The two summation symbols seems to be close together in value. The $\log_2 N$ vs. $\log_2 (N - i)$ is not a big deal (in fact, by being just a little bit more careful with our argument above, we could have a $\log_2 (N - i)$ in the first expression as well). A bigger deal is that in the first summation, every single term has a ceiling around it. These ceilings could increase the value of entire summation by almost $K$ when $N$ is slightly more than a power of $2$. An even bigger difference between the two expressions is that the second one has an final $- \log_2 (K!)$ term (this is approximately $- K \log_2 K + 1.4 K$). For small $K$, this is not too bad, but it could be better.
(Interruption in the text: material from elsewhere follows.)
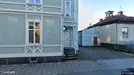 Lägenhet att hyra, Åmål, Hjeltegatan - Ca. 45m2, Ca. 7 000&nbsp;kr.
What's holding us back? If we inspect our strategy, and look back at our very first retreat, we find something suspicious. When $N = 1024$, $K = 17$, there are $\binom{1024}{17} \approx 3.68 \times 10^{36}$ possible teams of spies. Our first retreat consists of agents $1$ through $512$. The spies hold a meeting if (and only if) all $17$ of them are among the first $512$ agents, but this is only the case for $\binom{512}{17} \approx 2.45 \times 10^{31}$ of the possible teams of spies, which is only about a $1 / 150000$ fraction of the possibilities. So this retreat actually represents a very, very narrow question, and therefore is not a very good question to ask.

But we don't have to give up on this idea! We can take this strategy and try to modify it to make it even better. In fact, since we identified a flaw, this gives us some guidance on what we should try to improve.

In our new strategy, we will continue to only hold retreats consisting of agents $1$ through $m$ for some $m$, along with all the spies we have identified so far. The change will be what values we choose for $m$. We now have a sense that we should choose $m$ so that no matter whether the spies end up holding a meeting or not, we will be able to cross off about half the list of possible spy teams. This means, for example, that our first $m$ will not be $N / 2$ but actually something much closer to $N$.

Beefing up binary search: A more sophisticated Guess my number and prefix-free codes

Just as our first strategy for finding spies was based on a strategy for Guess my number, our improved strategy will be based on another game, a modfication of Guess my number. In this section, we will look at Guess my number from a different angle, then we'll introduce our modification of it, and a strategy for that modification.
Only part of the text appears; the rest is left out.